難しい用語に早口、漢字ばかりのテロップに頭をフル回転させて見るのだが、しばしばついていけず話がブッ飛んで進行してしまうが、なんら問題はない。それどころかセリフにリズム感があって耳に心地よさすら感じる。特に長谷川博己がいい。滑舌はピカイチの芸術品だ。その上顔もいい。「政界は敵か味方しかいない。性に合ってる。」と泉ちゃんに言う矢口蘭堂の顔があまりにカッコイイのでそこだけで映画代の1800円のうちの1000円払ってもいい。泉ちゃん(松尾諭)は「矢口、まずはお前が落ちつけ。」の水ドンもいいが、ヤシオリ作戦に行く前、蘭堂が「この国には有能な人材が残っている君もいるし問題ないよ。」と言えば泉ちゃんが「幹事長なら任せとけ」と答え、ワタシはあまりのエモさに頻脈を抑えきれなかった。いつも真顔で超絶技巧早口の尾頭ヒロミ(市川実日子)が最後にサーベイデータを見てホッとした顔をして初めて微笑むとこもいいし、冗談ポイの安田(高橋一生)が、尾頭さんに「ごめんなさい(早口)」するとこは何回見ても可愛くて笑ってしまう。冷徹なまでの政界の歩き方を実践している叩き上げ赤坂(竹野内豊)もいい。政治家の家系で三世という蘭堂と赤坂は対比して見ることになるだろうが、どちらも日本という国を未来につなぐという信念の元に戦っており、どちらに転ぶのかという首の皮一枚で繋がってる感がリアルだった。「この国はスクラップアンドビルドでのし上がってきた。また立ち直れるさ。」と赤坂は言ったが今年もまた災害が多かったこともあって涙が出た。この映画を見ると私も出来ることをやらねばという気持ちが湧き上がってくる。

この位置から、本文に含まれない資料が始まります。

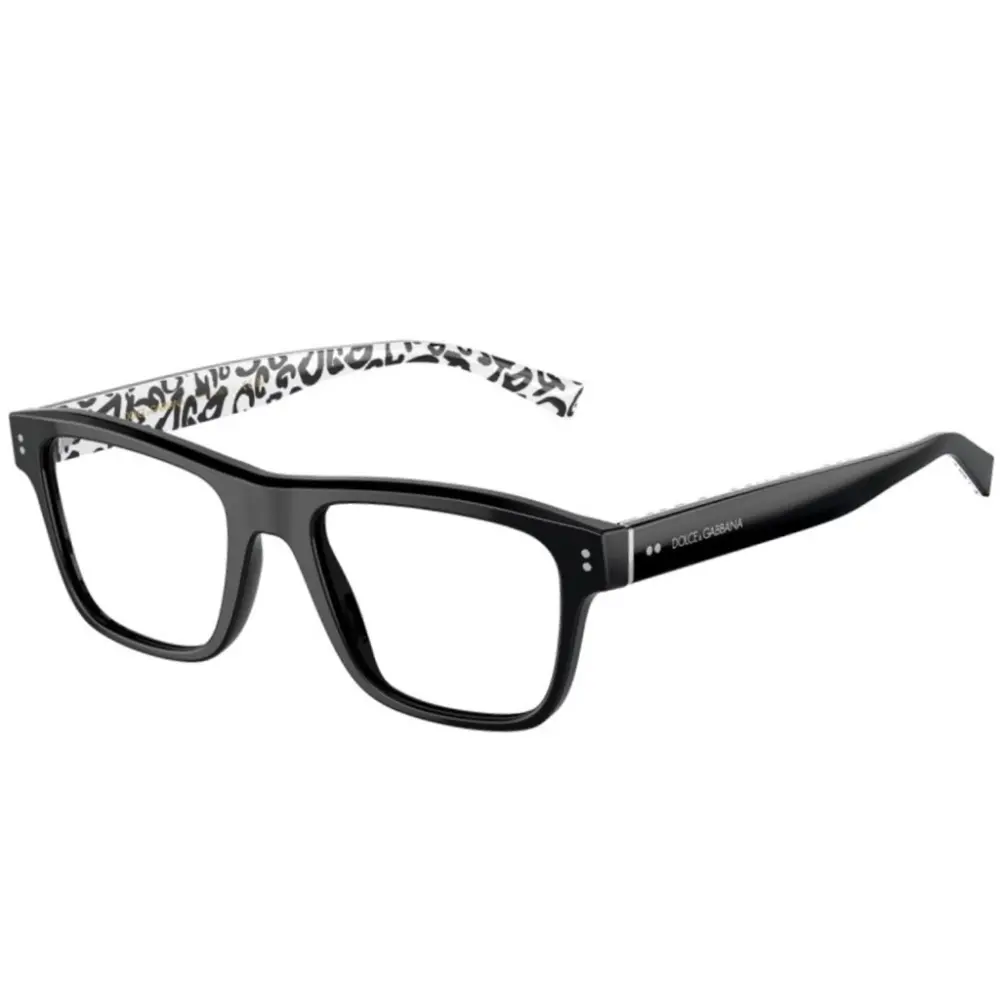 Kính Dolce & Gabbana Optical Eyeglasses 'Black' 0DG3362-3389 - Ảnh 3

ラストはゴジラのシッポが大写しになってパッと終わるのだが、明らかに人間の形状が見てとれて薄れていた恐怖が蘇る。おそらくゴジラはメタモルフォーゼの一歩手前だった。凍結しているとはいえゴジラはまだ滅んではいない。人類とゴジラの起こしたこの顛末を東日本大地震をイメージするとするならそこにある脅威との共存という課題を残したのも示唆的だった。
まだ人類には考えねばならないことが山積みのままなのだ。